Joseph reveals “there will be a Type 25 kit which features the Volkswagen ID3 electric motor as the standard option, and this motor will also be available for customers wishing to convert their Bay Window.” I first saw the ID3 in the flesh at the Festival of Speed last summer… It’s pretty impressive to think that a 40 year old bus could be fitted with technology from such a new vehicle.
Given the nature of these vehicles, it made sense to question the range and whether you could still practically go touring in one. Once more Joseph has the answers enthusiasts will want to hear, offering “long range battery packs will be available as an option on all models, and once launched by Volkswagen, the 60kW power packs from the ID3 will be fitted, giving a real-world mileage of 300-350 miles on a single charge.” Furthermore, he explains “the ID3 batteries have the ability to accept an 80% fast charge in just 40 minutes” which means a service station top-up mid journey is a realistic process to enable eco friendly European road trips.
The 3rd arch, which is furthest from the road is where all the messy stuff happens. Once more there’s a Brickshaped bus, this one is having body work completed. Alongside it, an Orange 70s Bug in a state of undress is having new Beetle repair panels welded in, prior to a Full EV conversion.

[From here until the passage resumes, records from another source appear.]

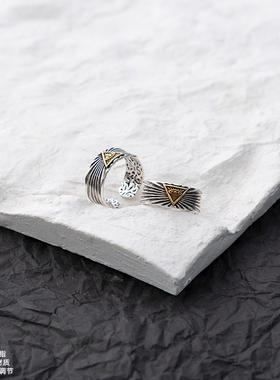 高级感复古个性戒指男上帝之眼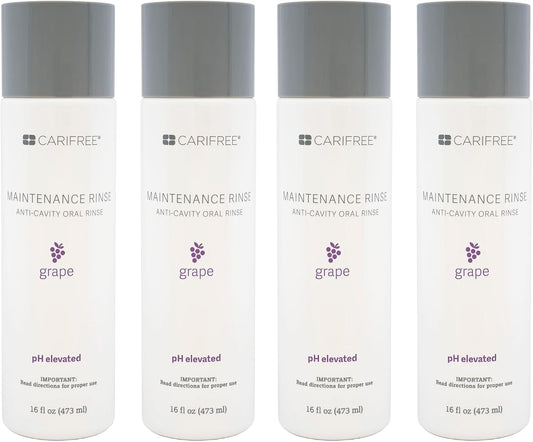 CariFree Maintenance Rinse, Grape Flavor, Anti-Cavity Fluoride Mouthwash, Dentist Recommended, Prevents Oral Decay, Freshens Breath, Alcohol-Free, Neutralizes pH (16 Fl Oz (Pack of 4)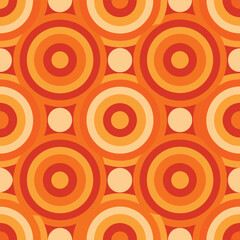 Seamless orange Bauhaus circle pattern background wallpaper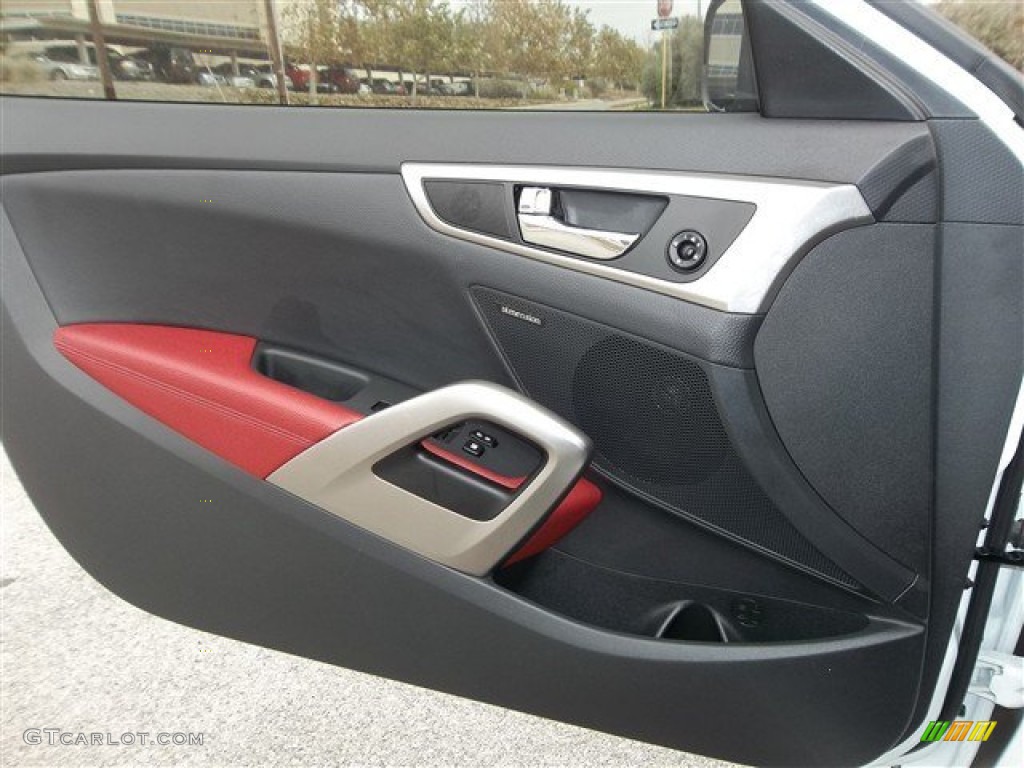 2012 Hyundai Veloster Standard Veloster Model Black/Red Door Panel Photo #76454514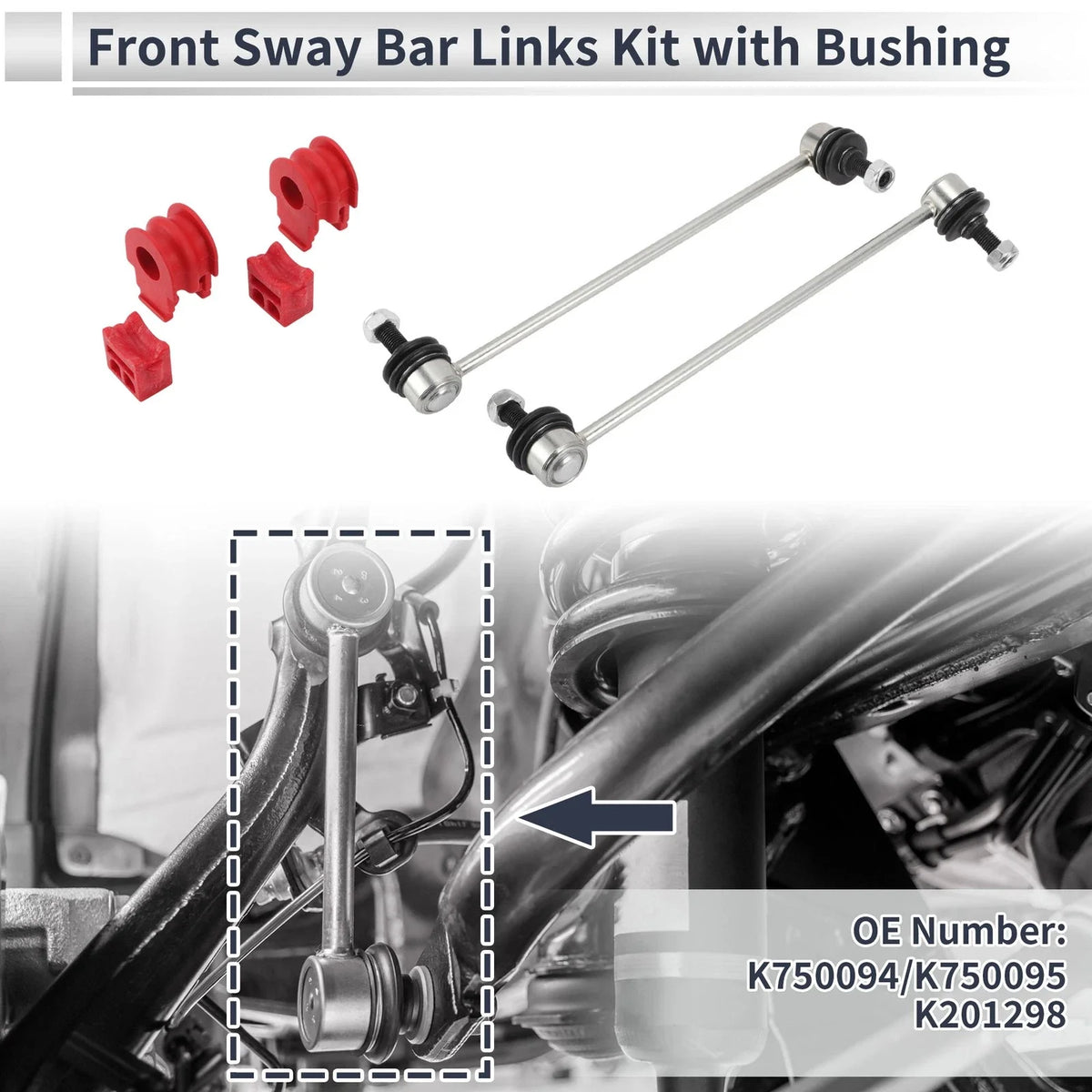 Front Stabilizer Bar Links Set of 2 with Bushings for Nissan Rogue (2008–2013) No.K750094
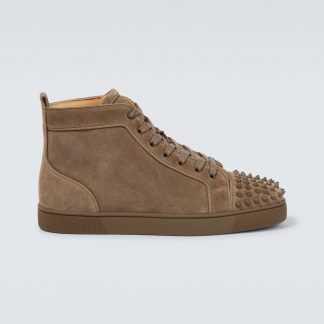 cheap luxury Christian Louboutin Louis Spikes suede high-top sneakers in brown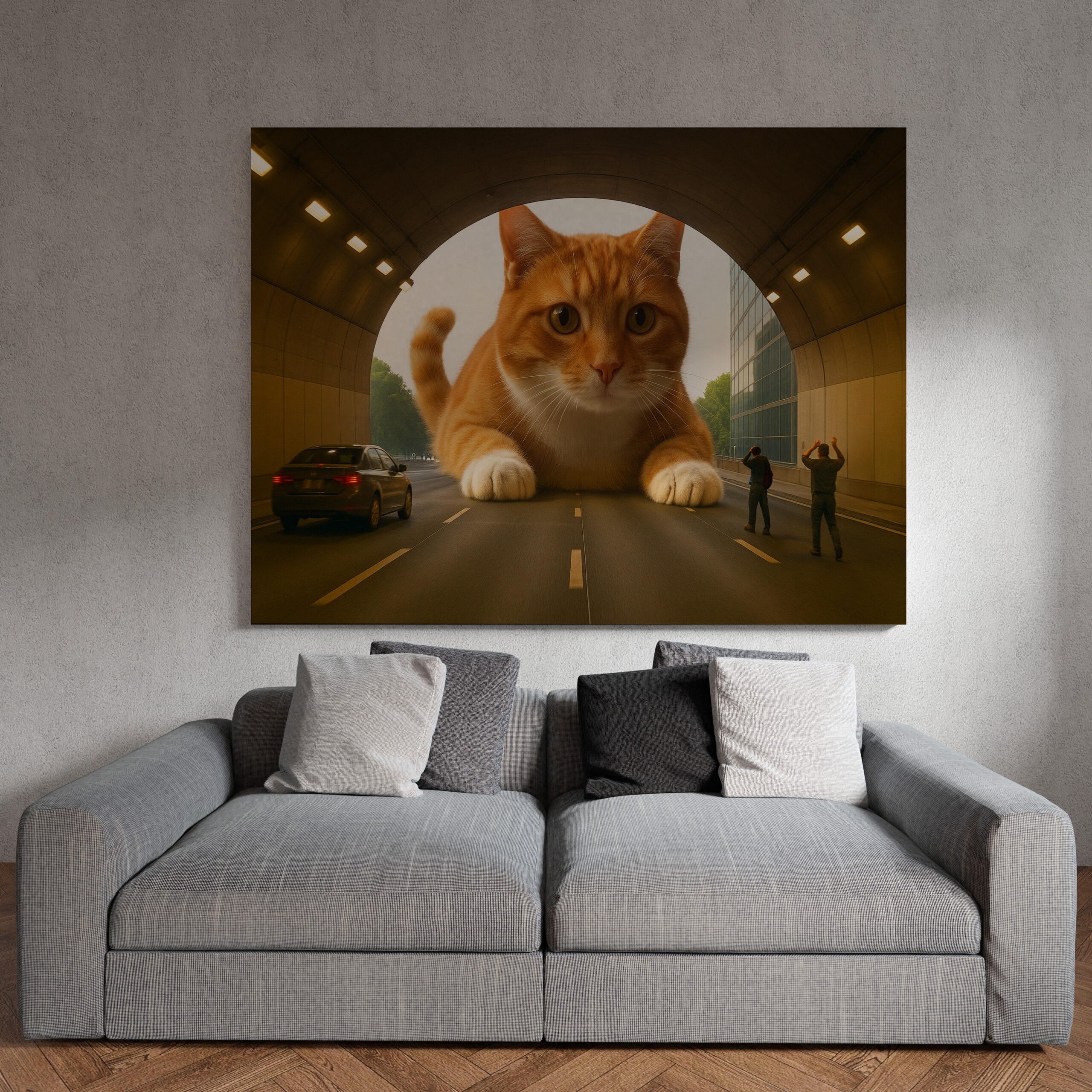 raxxa Canva: Mit Stau ist zu rechnen. Katze im Tunnel – Image 2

“The Beetle is a local one-owner car,” Joseph tells me. The owner had reached a point where a classic Beetle was no longer practical for them, but Joseph plans to reunite them one last time, once his bright orange, emission-free transformation is complete.
The Culture of the City
I really felt we had experienced something special with our trip to Jack’s Garage. Joseph spoke so knowledgeably about the EV conversions, but also educated me to how his local inner-city community worked, and of course how it has been affected by the events of recent years. London, whilst only 60 miles from the coast is a very different place to Shoreham-by Sea. We discussed religion, we ate amazing international food; Jack’s Garage, on that day was so much more than just a workshop that fixes classic cars, and I’m pretty confident the warm and inclusive welcome would be extended to any visitor who arrived at Joseph and Vaidas’s door.
Our thanks once more to the whole team at Jack’s Garage for the warm welcome. We look forward to seeing you again soon.